When you take young people fishing, you need to do so without stressing the all-importance of catching fish. Your first few fishing trips with children should focus on entertaining things, because those things quickly run dry. About four trips to the lake with fishing gear should adequately sort the fishermen from the real children. Actually catching a fish is fun for most people, and ecstatic for kids, but for a huge part of the human species that’s as far as it goes. Fishing that involves bad weather, hours and hours of boredom, catching no fish, or having to clean the fish you do catch, attracts no one but fishermen. You’ll be able to tell the fishermen from the other people in surprisingly few outings. After that, find alternative entertainments for the non-fishing people and go fishing with the people of like mind.

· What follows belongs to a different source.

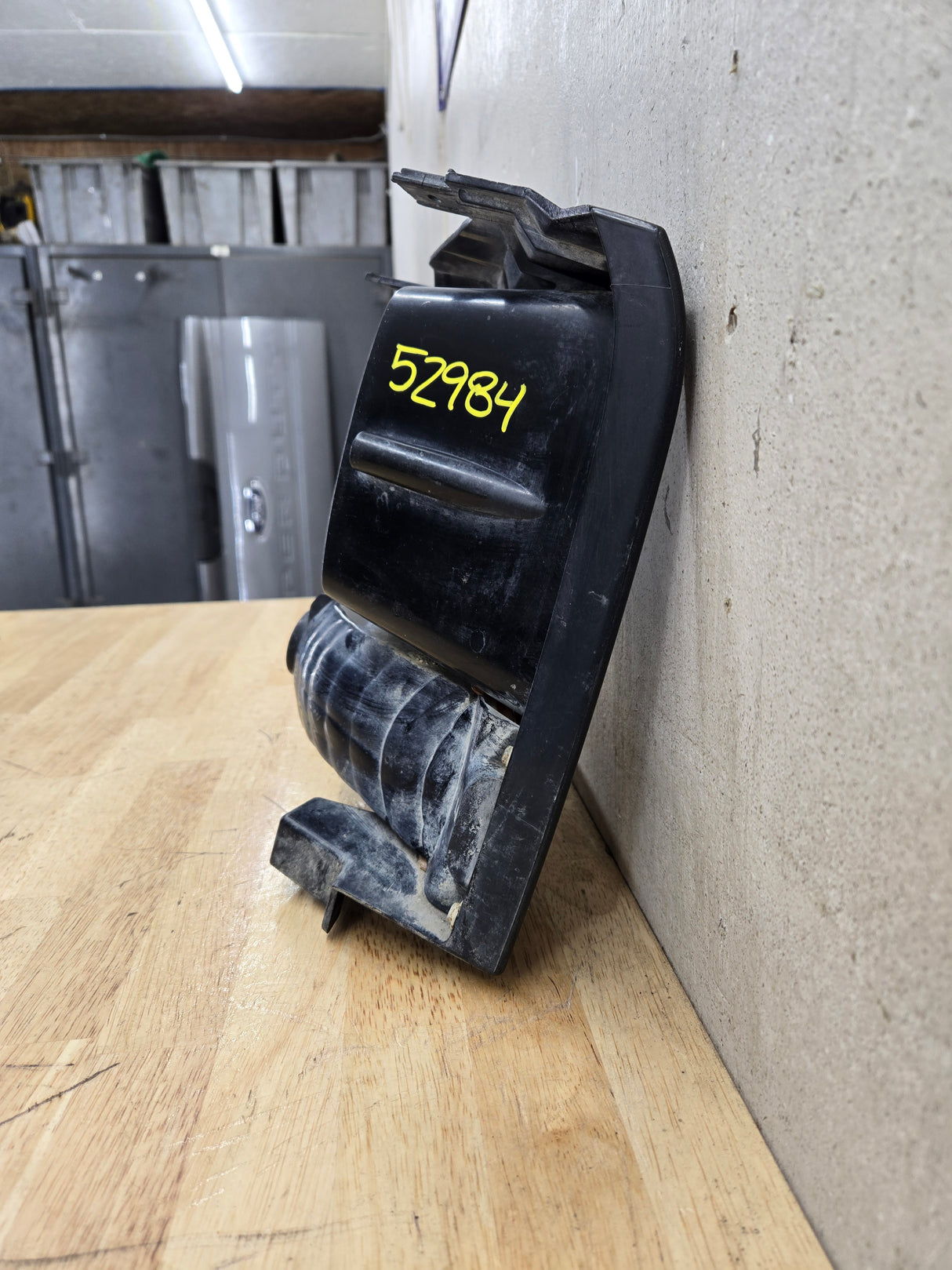 2005-2007 Ford Super Duty F250 F350 F450 F550 LH Left Driver Side Headlight Bezel Park Lamp Signal Corner Light 5C34-13B221-A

Everyone will be happier for it.
***When you do discover the fisherman in a small person, it’s best to set aside the toys and other childish things and just get down to business. Small fisher-people need simpler and lighter gear, but want gear that works well, so walk past the toys and go for real fishing gear. A six-foot spin-cast pole of medium strength usually won’t overtax the tiny fisher-person, and even if it does so, they probably won’t admit it. Reels needn’t be expensive, but if you start someone out with a cheap baitcast reel that requires more expertise to use successfully than a baitcast reel costing hundreds of dollars, you’re doing no one any kindnesses. The Zebco 33, one of the most reliable and troublefree fishing reels, works just fine, and fishermen progress away from it only because we’re embarrassed not to. I prefer spinning reels now, but I’ve tried many other types, and I wouldn’t start someone out with anything but a Zebco 33.***
In many ways I never got along well with my father, but the few times we did harmonize all concerned fishing. One that I remember particularly clearly was a terribly miserable day in April when by all standards of decency the weather should have been idyllic. Instead, low gray overcast set in, shedding a constant cold drizzle almost metallic in appearance, and I’m sure we’d have spent the day indoors drinking either hot cocoa or beer, depending on our age, had the white bass not been running. Since the white bass follow their own peculiar schedule and wait for no one, we joined the neighbors and went fishing. It was a truly miserable fishing trip. The warmest, driest place we found was in the creek, immersing ourselves to neck level in the slightly warmer water. The creek wasn’t too cold once you’d been in it for a couple of hours. Twelve or fourteen hours later when we gave up and came home without fish, both of us equally suffering from hypothermia, I could tell my father was proud of me, even though he never said so. “All day long, he never complained,” I heard him tell my mother. I hadn’t thought of complaining. We were fishing. Any moment, when you’re fishing, you might catch a fish. That’s why you’re there.
If you can enjoy a day like that, you’re a fisherman, even if you’re still a bit small.